I rated Lowe well enough to be an AB. Remember we were picking the likes of George Bridge above such players so theres no disputing a lot of bad decisions have been made by those last two coaches. Does a team like the ABs need a finicky winger who you have to adapt and change a lot of your style with to get benefit from? No, not really. But he still would have been a basic improvement on players like even Savea at the tail of his career, Bridge, and could even have converted into the answer of replacing Beauden at the back. Instead we persisted with NMS, Naholo, Havili, Reece, all players we would have cared even less about losing and all because Rieko had Lowe's number 11 jersey nailed down.


He was of course only 23 when he decided to leave, it was back in the beggining of the period they had started retaining players (from 2018 onwards I think, they came out saying theyre going to be more aggressive at some point).

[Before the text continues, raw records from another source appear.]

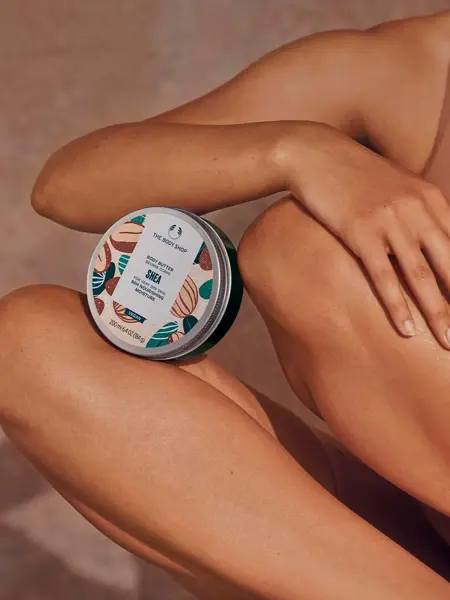 Dame sitter med en boks med hudkrem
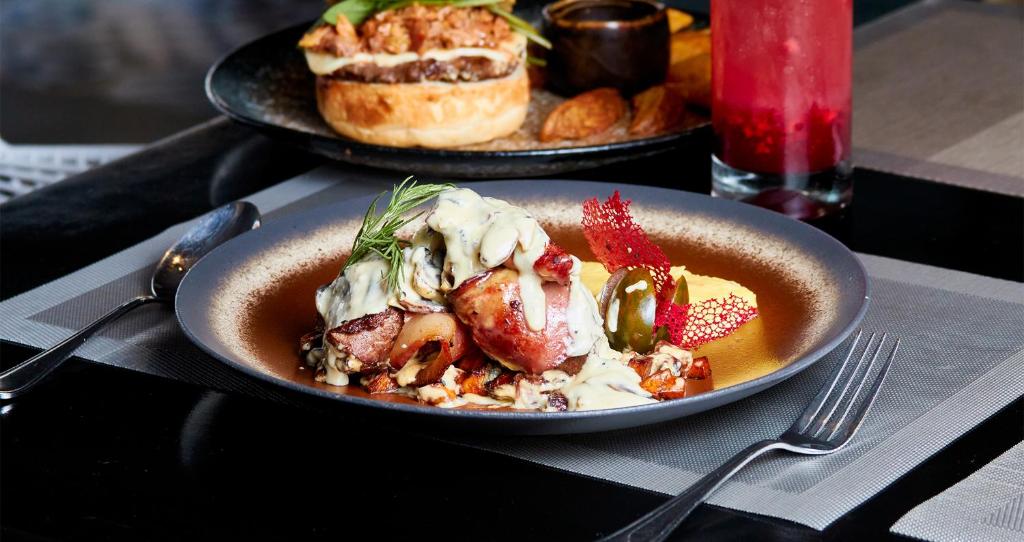 Sopa criolla servida en plato hondo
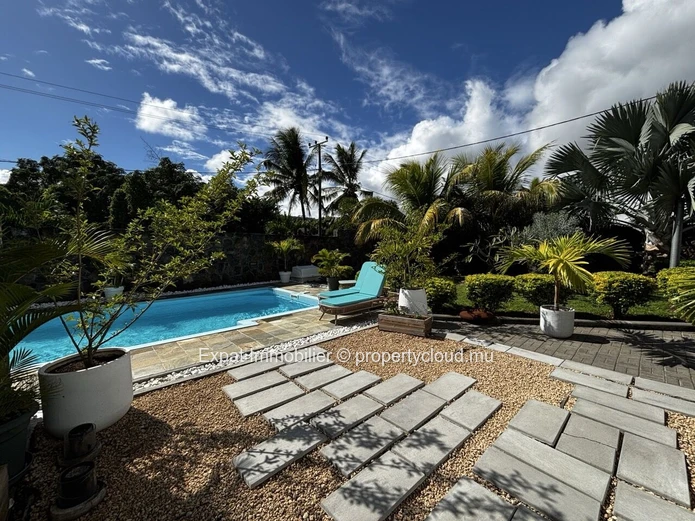 Exclusivité – Villa Contemporaine Avec Séjour Cathédrale, Jardin & Piscine – Péreybère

So he might, all of them, only just missed out.


The main point that Ed made is that situations like Lowe's, Aki's, JGP's, aren't going to happen in future. That's a bit of a "NZ" only problem, because those players need to reach such a high standard to be chosen by the All Blacks, were as a country like Ireland wants them a lot earlier like that. This is basically the 'ready in 3 years' concept Ireland relied on, versus the '5 years and they've left' concept' were that player is now ready to be chosen by the All Blacks (given a contract to play Super, ala SBW, and hopefully Manu).


The 'mercenary' thing that will take longer to expire, and which I was referring to, is the grandparents rule. The new kids coming through now aren't going to have as many gp born overseas, so the amount of players that can leave with a prospect of International rugby offer are going to drop dramatically at some point. All these kiwi fellas playing for a PI, is going to stop sadly.

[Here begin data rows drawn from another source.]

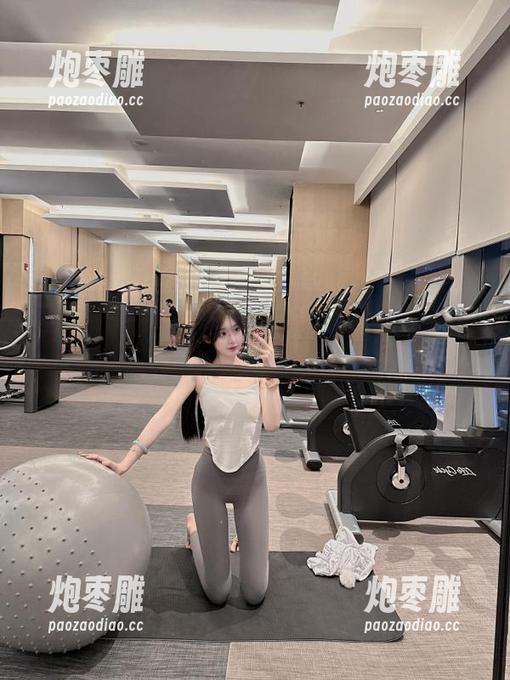 网曝吃瓜 网曝吃瓜拉开黑料在线的入口,心里却有种说不出的期待
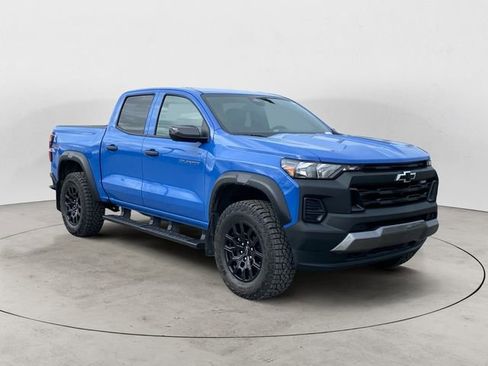 Used 2025 Chevrolet Colorado Trail Boss AWD/4WD image 7
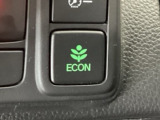 ★ECONスイッチ★ エコドライブを加速しよう!スイッチをONにすると、運転の仕方によるロスを抑え込み燃費をよくするようクルマが頑張ります(*^ー^*)燃費向上にチャレンジ♪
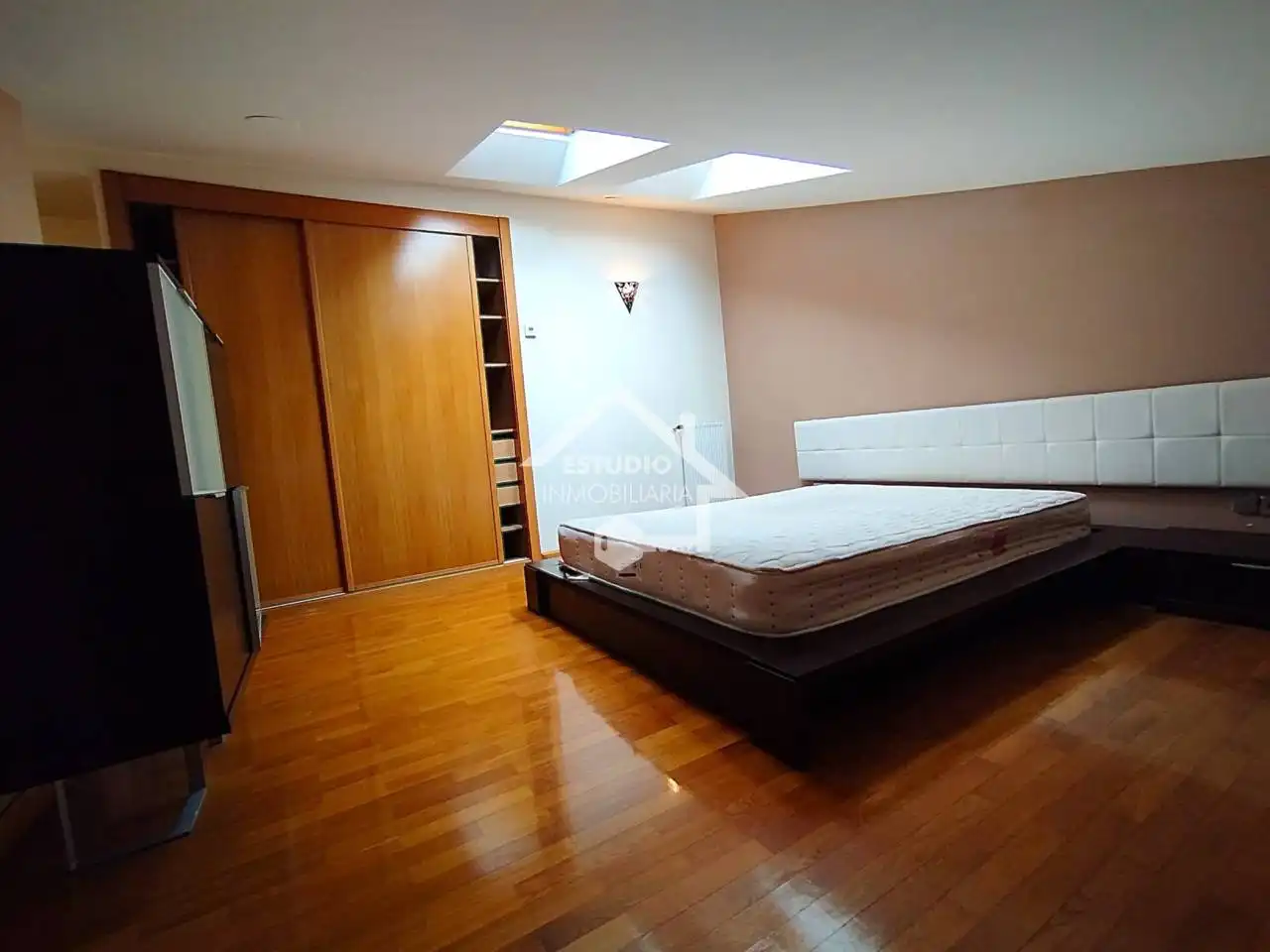 Habitación de Dúplex en venta en Viana con Calefacción y Balcón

The new era problem that will replace those old concerns is now French and Japanese clubs (doing the same as NRL teams have done for decades by) picking kids out of school. The problem here is not so much a national identity one, than it is a farm system where 9 in 10 players are left with nothing. A stunted education and no support in a foreign country (well they'll get kicked out of those countries were they don't in Australia).


It's the same sort of situation were NZ would be the big guy, but there weren't many downsides with it. The only one I can think was brought up but a poster on this site, I can't recall who it was, but he seemed to know a lot of kids coming from the Islands weren't really given the capability to fly back home during school xms holidays etc. That is probably something that should be fixed by the union. Otherwise getting someone like Fakatava over here for his last year of school definitely results in NZ being able to pick the cherries off the top but it also allows that player to develop and be able to represent Tonga and under age and possibly even later in his career. Where as a kid being taken from NZ is arguably going to be worse off in every respect other than perhaps money. Not going to develop as a person, not going to develop as a player as much, so I have a lotof sympathy for NZs case that I don't include them in that group but I certainly see where you're coming from and it encourages other countries to think they can do the same while not realising they're making a much worse experience/situation.